Sarebbe interessante capire se la De Mari sarebbe davvero capace di pronunciare quelle stesse parole se davvero smettesse di poter camminare, dialogare, vedere e vivere. Perché è facile dire agli altri cosa debbano fare se non si sta vivendo la loro situazione. Così come è giusto garantire cure a chi decide di vivere, altrettanto doveroso è rispettare la decisione di chi non vuole essere tenuto in vita da macchine e desidera potersi spegnere in serenità così come avverrebbe in natura. Ma per l'integralismo cattolico la natura per assumere forme diverse a secondo della loro convenienza politica., motivo per cui amano citarla e storpiarla per condannare chi ama secondo natura e nell'insultano chi muore secondo natura.
Ma è sempre con sprezzante superiorità che la De Mari vomita le sue sentenze anche contro i familiari di Dj Fabo, così coraggiosi da rispettare la sua volontà ma ritenuti degni di insulti e ripicche da chi è infastidito da qualunque opinione contrasti con la sua ideologia. Scrive:
Com’è possibile che nessuna delle persone che hanno affollato la vita dell’uomo che ha scelto di morire sia stato capace di dirgli queste cose? Com’è possibile che nessuno gli abbia spiegato che lui non era un corpo, un corpo in passato bello e forte, e ora malato e piegato, quindi di nessun valore, da buttare.
Ben presto la strumentalizzazione diviene motivo di propaganda politica, in qual quadro in cui questa gente ès sempre convinta che la dignità altrui possa essere calpestata se se ne può trarre profitto. E dopo una feroce critica alle leggi che garantirebbero l'autodeterminazione, si passa al solito abuso della figura di Hilter come indicatogli dal suo maestro Adinolfi:
Era cominciata con l’eutanasia del consenziente anche in Germania ai tempi di Hitler: l’eutanasia fu pubblicizzata da un film, dal geniale titolo “Io accuso” con protagonista una pianista che scopriva i primi segni dell’Alzheimer. L’accusa del titolo è diretta a tutti i malvagi che non vogliono l’eutanasia. Il film è del 41. La soluzione finale del febbraio del 42: il concetto che la vita è sacra, una volta che è saltato è saltato. Per chi non se lo ricorda, è finita malissimo.

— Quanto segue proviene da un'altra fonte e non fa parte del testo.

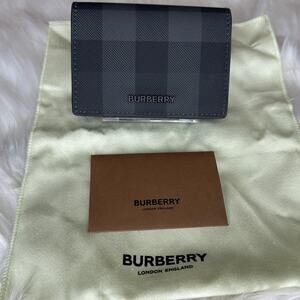 💎✨AUTHENTIC✨💎Burberry Wallet NEW WITH TAG WITH DUST BAG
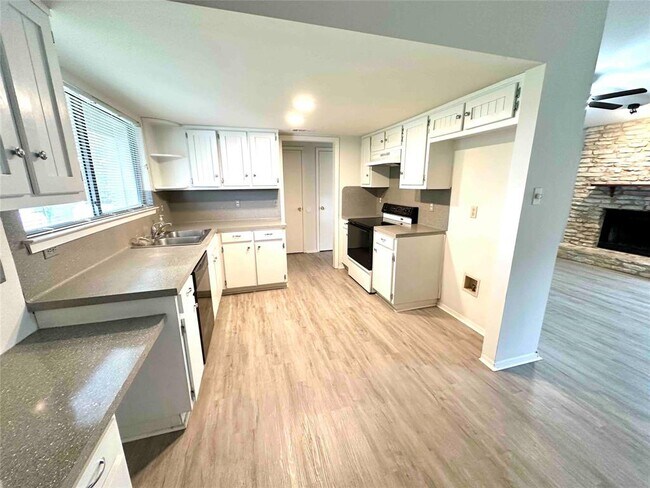 Photo - 503 S Mt Rushmore Dr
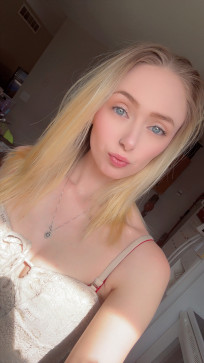 Ava, 24, United States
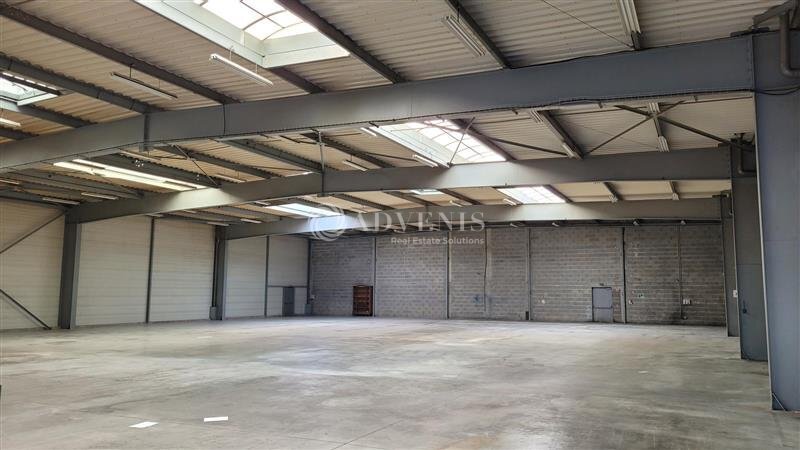 Flex in Les Sorinières for lease - Building Photo - Image 3 of 3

Da copione c'è anche la citazione di una frase decontestualizzata pronunciata da un paraplegico che esige che agli altri paraplegici sia imposta la vita perché quella è la sua scelta, anche se non si spiega in che modo la decisione di un uomo dovrebbe avere valore sulla volontà degli altri. Chissà, forse la De Mari manco non si è neppure posta la domanda dato che negli ultimi mesi si è dedicata solo ed elusivamente al suo sostenere che i gay non devono avere diritto di poter vivere perché a lei piace farsi penetrare e quindi trova un errore l'idea che un uomo possa non essere interessato alla sua vagina.

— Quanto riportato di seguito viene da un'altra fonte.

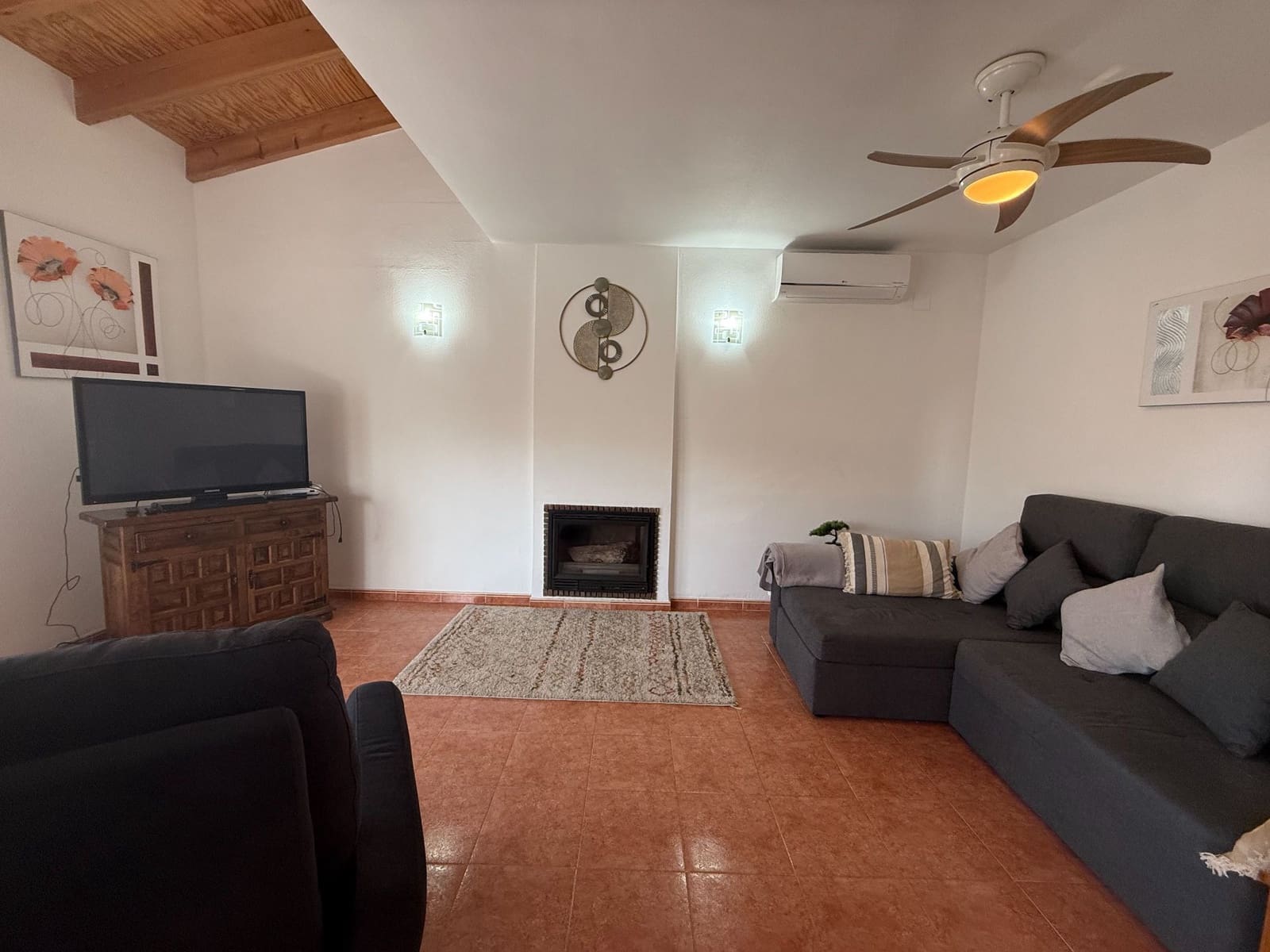 4 soveværelse Villa til salg i Relleu med swimmingpool garage - € 245.000 (Ref: 9996626)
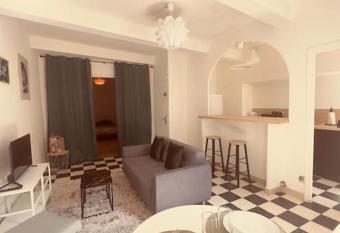 Cocon douillet    Agde allows 18 year olds to book a room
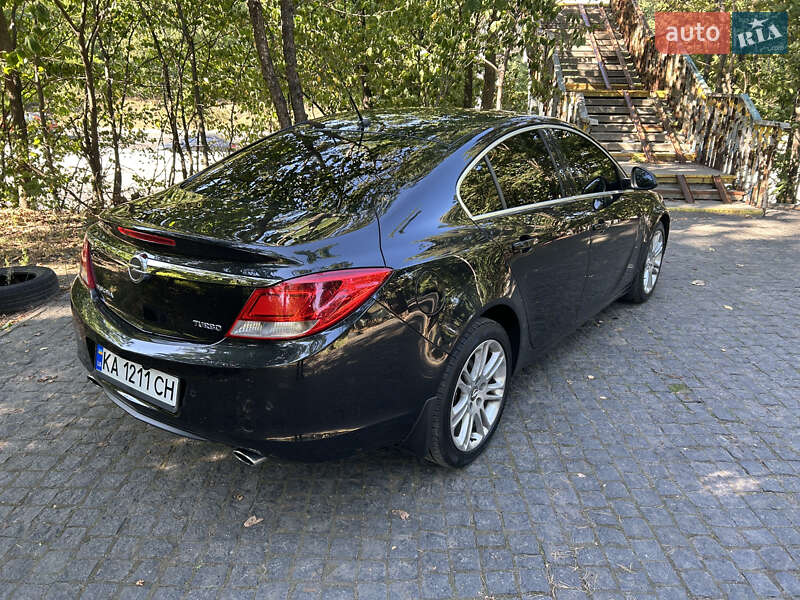 Седан Opel Insignia 2009 в Киеве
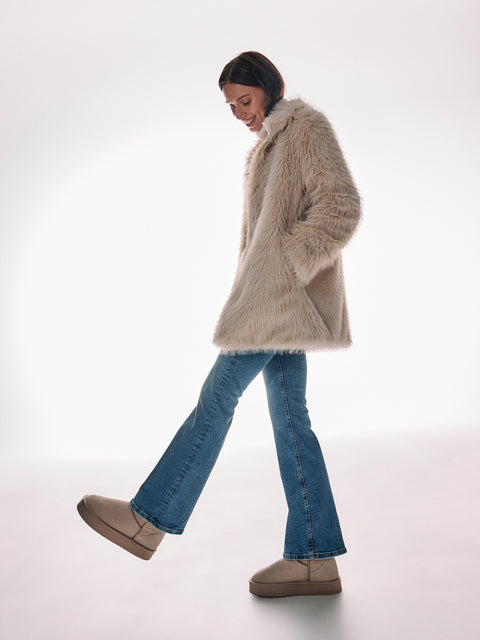 Reserved Women's Beige Leather Snow Boots | Reserved In Lebanon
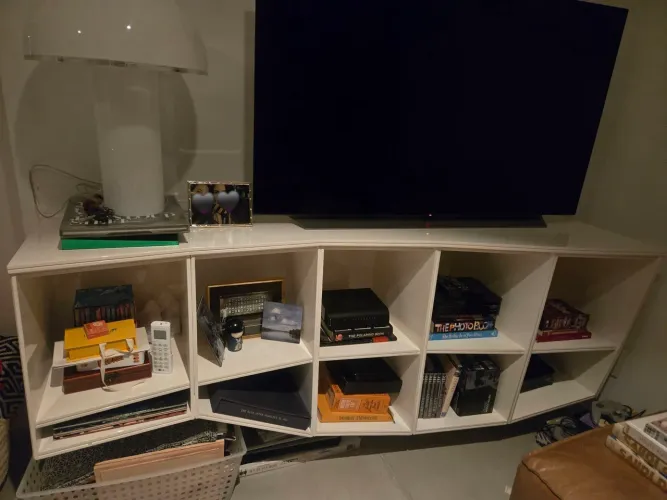 Rack lindo e sofisticado! produzido com laca branca de alto padrão!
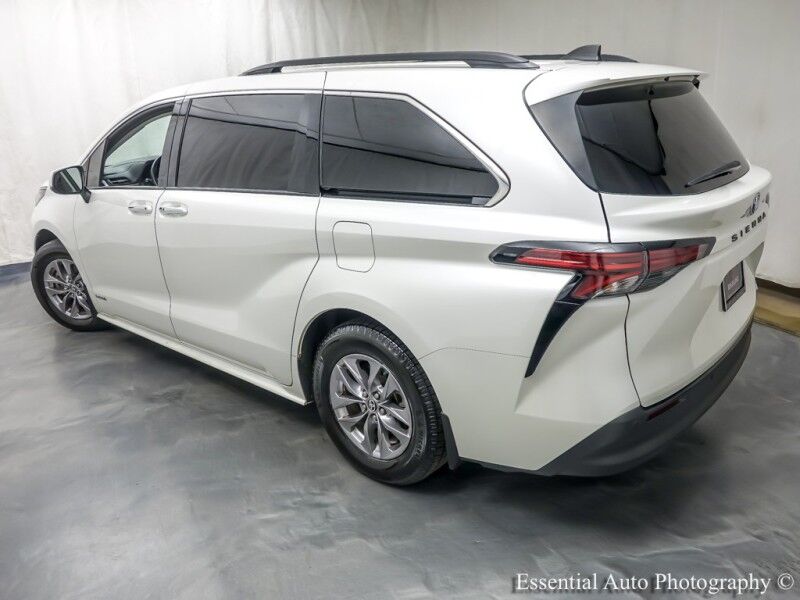2021 Toyota Sienna XLE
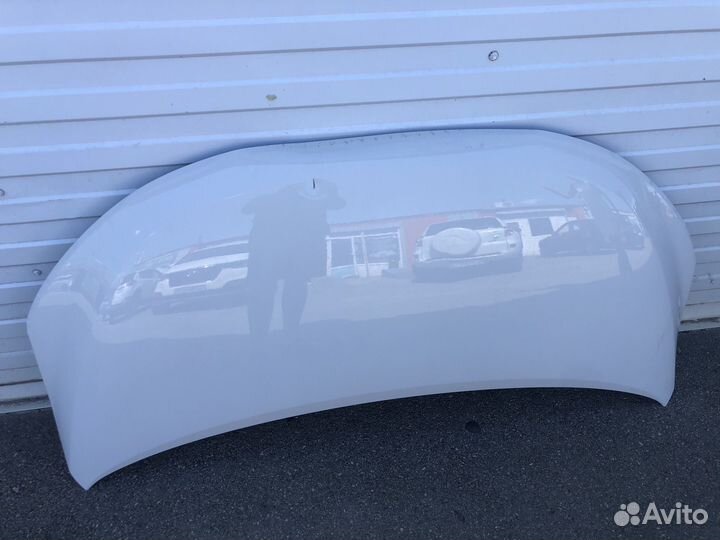 Капот Grand Starex H1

Se un giorno in cui la signora De Mari si troverà nelle condizioni di non poter più vomitare il suo odio contro il prossimo, scopriremo se davvero crede a ciò che dice. Ma ammesso e non concesso che decida di non intraprendere un viaggio in Svizzera, resta il fatto che potrà testimoniare la sua decisione ma neppure allora potrà imporla agli altri. E in attesa di quel momento, quantomeno ci risparmi le sue frasette su quanto lei sarebbe stata felice nel ritrovarsi inchiodata in un letto di ospedale.